Bella langsung mengerti tujuan kenapa dia sekarang di culik kesini, ternyata dia akan dijadikan umpan agar Ansel datang dan menyelamatkannya sehingga para preman ini bisa melaksanakan niat jahat mereka.

__ADS_1


"Kalian bodoh! dia gak akan mungkin datang kesini! dia tidak ikut ke kamping! jadi gak mungkin dia tahu saya lagi diculik!" Ucap Bella belagak tegas padahal dia takut kalau sampai Ansel beneran datang maka suaminya itu berarti bakal dalam bahaya besar.


"Siapa yang menyuruh kalian melakukan ini hah?" Tanya Bella. Bella melirik satu bongkahan batu sebesar kepalan tangannya yang terletak dibawah kakinya. Dengan cepat dia mengambilnya dan mengayunkannya ke depan para preman itu untuk mengancam mereka.


Para preman itu hanya tertawa dan tak menjawab pertanyaan Bella.


"Katakan sekarang juga siapa yang sudah menyuruh kalian, kalau engga.."


"Kalau engga apa nona? nona mau apa sih? batu itu gak bakal mempan buat mengancam kami haha.."


Salah seorang preman pun maju dan berusaha mendekati Bella. Bella langsung panik dan berusaha mengayunkan batunya namun ternyata benar kata preman itu, karna gelap Bella tidak bisa memfokuskan lemparannya dengan tepat.


Namun Bella tak menyerah, dia membungkuk dan mencoba mencari batu yang lain dibawah kakinya, dia menemukan satu lagi yang sebesar genggaman tangannya. Ketika preman itu sudah sangat dekat. Bella mengambil ancang-ancang, matanya menyipit untuk memfokuskan pandangannya pada kepala preman itu.


Beberapa jengkal lagi preman itu akan sampai ditempatnya, Bella langsung dengan sigap melemparkan batu itu ke arah preman dan BRUGH, lemparan Bella kali ini tepat mengenai kepala preman itu sampai terdengar jerit kesakitan yang cukup keras.


Para teman-temannya pun langsung kaget dan memeriksa keadaan si preman itu. Si preman yang terkena lemparan batu itu mengaduh kesakitan, dan saat senter diarahkan ke kepalanya ternyata darah segar sudah bercucuran di pelipisnya.

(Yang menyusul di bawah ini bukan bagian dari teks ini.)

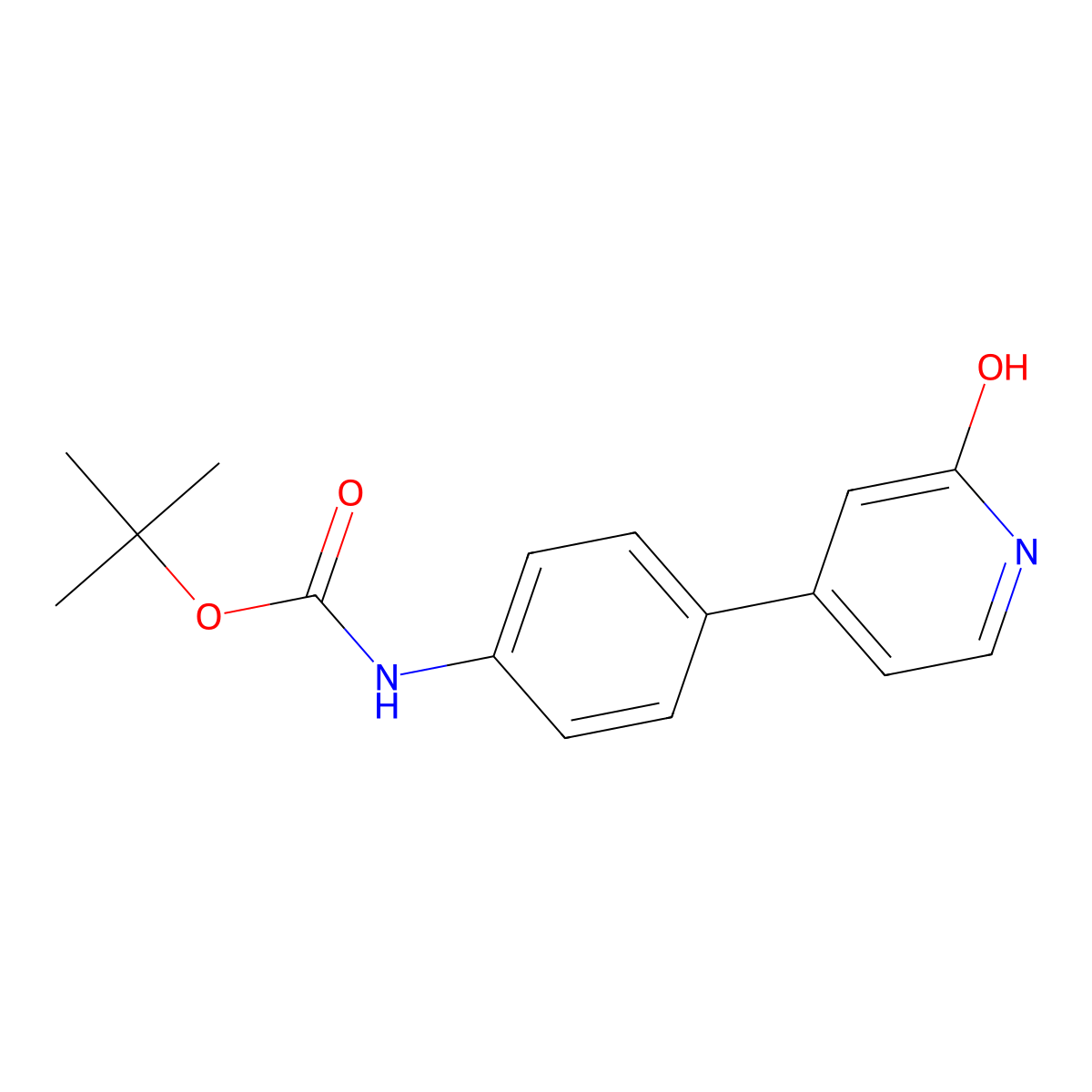 4-(4-Boc-aminophenyl)-2-hydroxypyridine molecular structure, CAS 1261946-14-8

Preman itupun terlihat sangat marah dan langsung menghampiri Bella dengan emosi yang siap meledak.


"Perempuan laknat!"


Preman itu menarik paksa lengan Bella dengan kuat. Bella mencoba melepaskan dirinya namun preman itu terus saja menariknya dengan paksa dan tanpa ampun melemparkan Bella ke sisi gua sehingga badan Bella berbenturan dengan bebatuan dibawahnya.


Bella meringis kesakitan. Namun preman itu tak juga berhenti, dicengkeramnya dagu Bella dan dilayangkannya satu tamparan yang membuat kepala Bella akhirnya tersungkur diatas tanah.


Melihat kegaduhan itu para preman dibelakangnya pun langsung mencegahnya karna ingat pada pesan Kevin agar tidak melukai gadis itu.


"Udah jo! Lo harus bisa ngendaliin emosi lo jo! inget bos nyuruh kita buat jangan nyakitin dia" Ucap salah seorang temannya sambil menenangkan Jojo nama preman yang kena lemparan batu dari Bella.


Namun Jojo sepertinya sudah diselimuti amarah yang tak terbendung lagi. Ditepisnya tangan temannya itu, lalu dihampirinya kembali Bella yang masih tersungkur dibawah tanah sambil menahan sakit di badannya.


"Bangun perempuan laknat!" Jojo mencengkram kembali dagu Bella, Jojo melihat ada sedikit darah segar mengalir disudut bibir Bella karna tamparannya tadi.


Bella malah tersenyum kecut dan meludah ke arahnya.


"Sialaaan!" Jojo semakin emosi saat Bella meludahinya tepat didepan wajahnya. Jojo pun langsung merobek paksa baju Bella sampai baju Bella robek sebagian dibagian dadanya.